#### [Stored data]
******

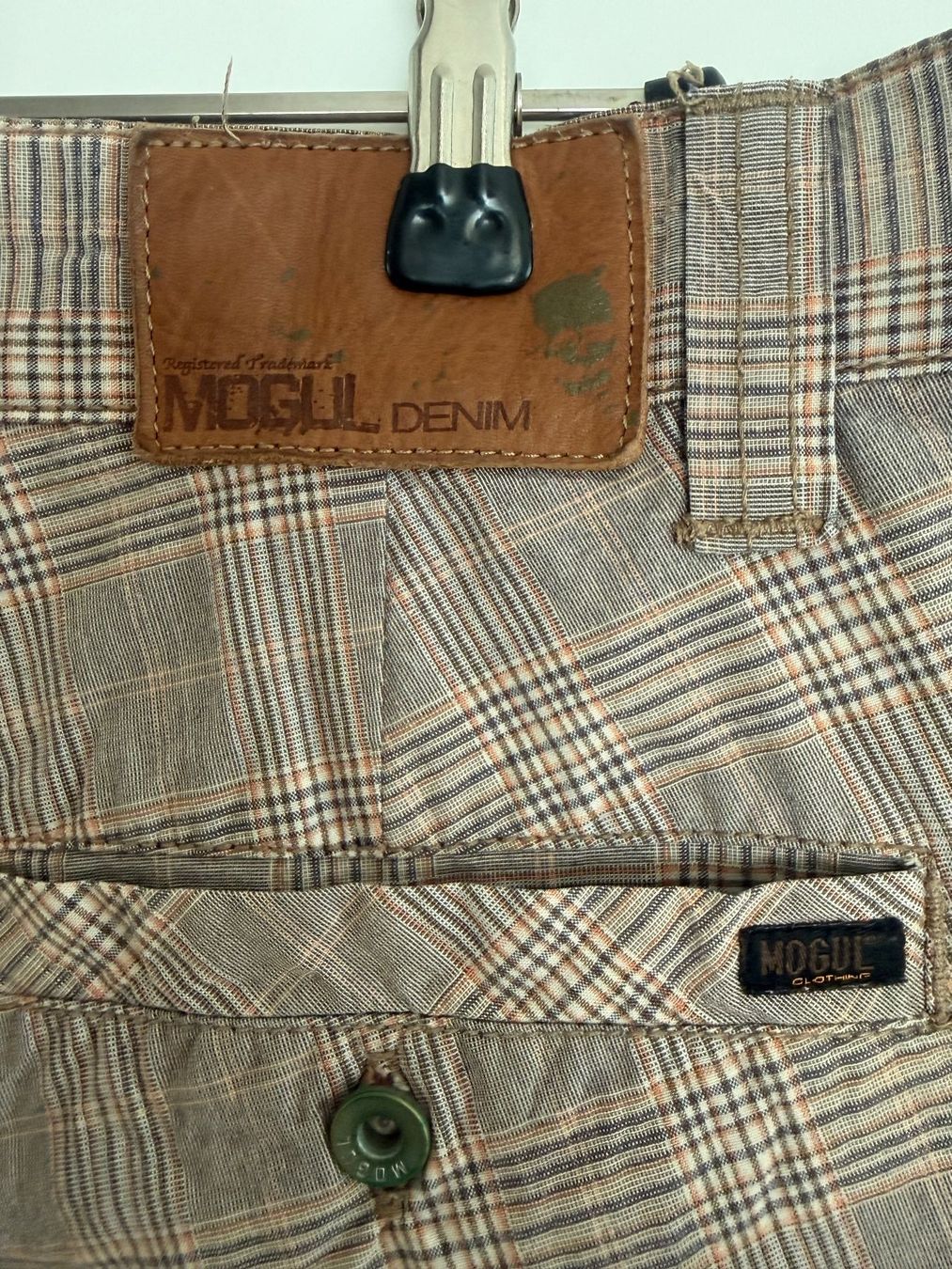 Pantaloni: SHORTS MOGUL GR. 32 – Usato da Steg im Tösstal venduto da goldlionfree 2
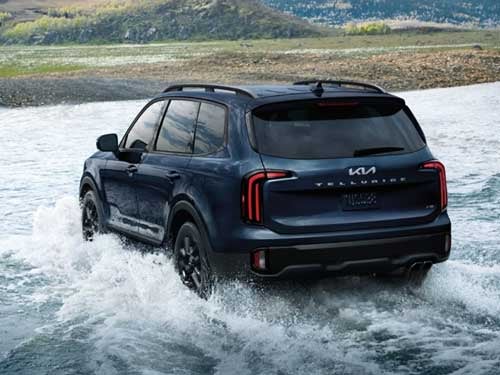 2024 Kia Telluride driving through water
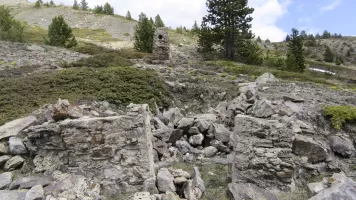 Ligne Maginot - MAISON CANTONIERE ST JOSEPH (82° BAF - PC DE GUERRE) - (PC de Quartier) - Restes d'un abri à proximité de la maison cantonnière 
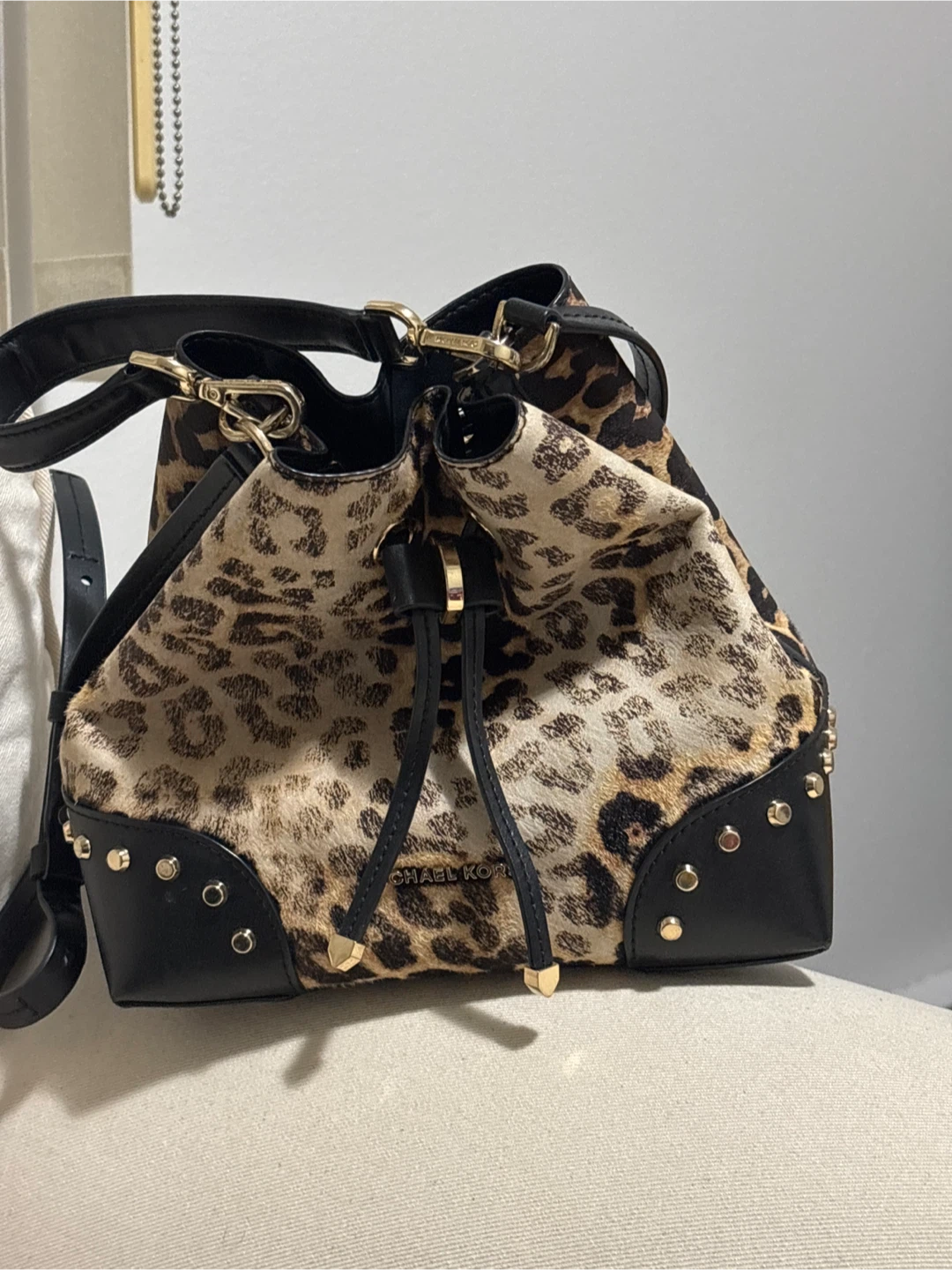 Michael Kors Leopard Print Bucket Bag #gifting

******

#### [What to do]
The line with "Ligne Maginot - MAISON" marks the start, and the last line of the material marks the end. Reproduce exactly those two lines and every line between them, without the pictures.

#### [Response to the task]
 Ligne Maginot - MAISON CANTONIERE ST JOSEPH (82° BAF - PC DE GUERRE) - (PC de Quartier) - Restes d'un abri à proximité de la maison cantonnière 
 Michael Kors Leopard Print Bucket Bag #gifting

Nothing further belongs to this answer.